Das war es dann aber auch schon mit den Gemeinsamkeiten. Ansonsten sind es zwei völlig verschiedene Ansätze, die in jeweils unterschiedlichen Situationen und manchmal auch beide zum Einsatz kommen.

In der Regel folgt eine systemische Behandlung bei Brustkrebs als sogenannte adjuvante Therapie auf die Operation mit eventuell angeschlossener Strahlentherapie. Bei der Auswahl des geeigneten Verfahrens spielt die individuelle Risikoeinstufung eine wichtige Rolle. Sie richtet sich nach Stadium, Größe und Ausdehnung des Tumors, nach seinen biologischen Eigenschaften sowie nach dem Alter und der hormonellen Situation der Betroffenen.

Mit einer adjuvanten Behandlung soll verhindert werden, dass der Krebs erneut ausbricht. Auch die generellen Aussichten und das Gesamtüberleben sollen verbessert werden.

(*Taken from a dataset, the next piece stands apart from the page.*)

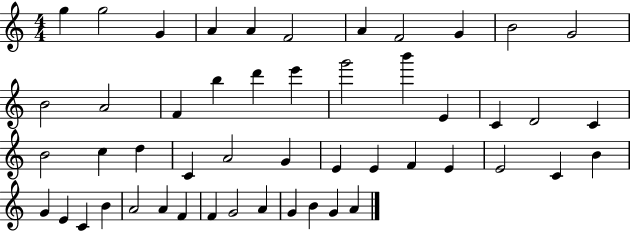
G5/q G5/h G4/q A4/q A4/q F4/h A4/q F4/h G4/q B4/h G4/h B4/h A4/h F4/q B5/q D6/q E6/q G6/h B6/q E4/q C4/q D4/h C4/q B4/h C5/q D5/q C4/q A4/h G4/q E4/q E4/q F4/q E4/q E4/h C4/q B4/q G4/q E4/q C4/q B4/q A4/h A4/q F4/q F4/q G4/h A4/q G4/q B4/q G4/q A4/q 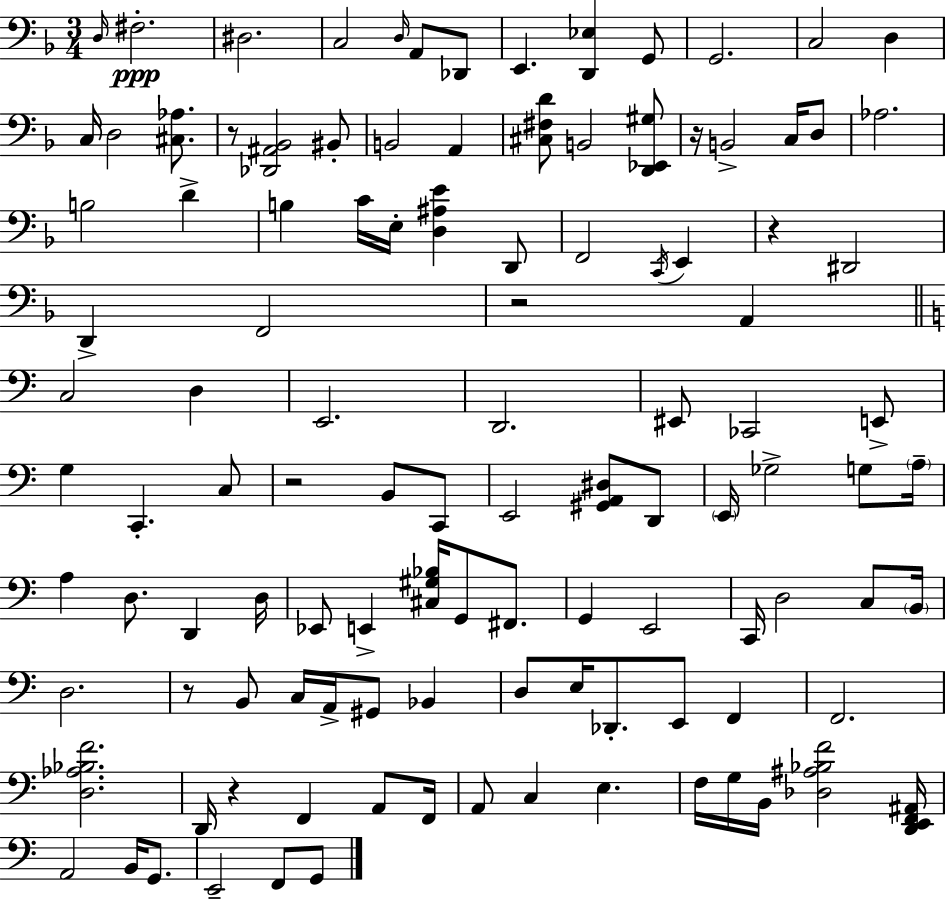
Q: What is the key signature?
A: D minor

Nicht besser, aber verträglicher

Wenn die Voraussetzungen für eine Hormonbehandlung (endokrine Therapie) gegeben sind, wird sie der Chemotherapie tendentiell vorgezogen, da sie meist besser verträglich ist. Das liegt daran, dass gesunde Körperzellen dadurch nicht direkt geschädigt werden, was negative Begleiterscheinungen und Nebenwirkungen jedoch nicht ausschließt.

Die Behandlung ist aber nur dann möglich und sinnvoll, wenn der Tumor auch darauf anspricht. Dazu muss er auf Hormone reagieren, die sein Wachstum beschleunigen. Heutzutage kann man das im Vorfeld testen und damit von vorne herein sagen, wer von der Behandlung profitieren könnte.

Stellenwert der Chemotherapie

Bei Tumoren, die sich durch Hormone nicht beeindrucken lassen, hilft auch die Hormontherapie nicht weiter. Dann kommt unter Umständen eine Chemotherapie in Frage. Sie kann aber auch unabhängig vom hormonellen Ansprechen entweder alleine oder zusätzlich zur endokrinen Behandlung erfolgen. Das hängt wiederum vom Ausmaß der Erkrankung und von den speziellen Tumoreigenschaften ab.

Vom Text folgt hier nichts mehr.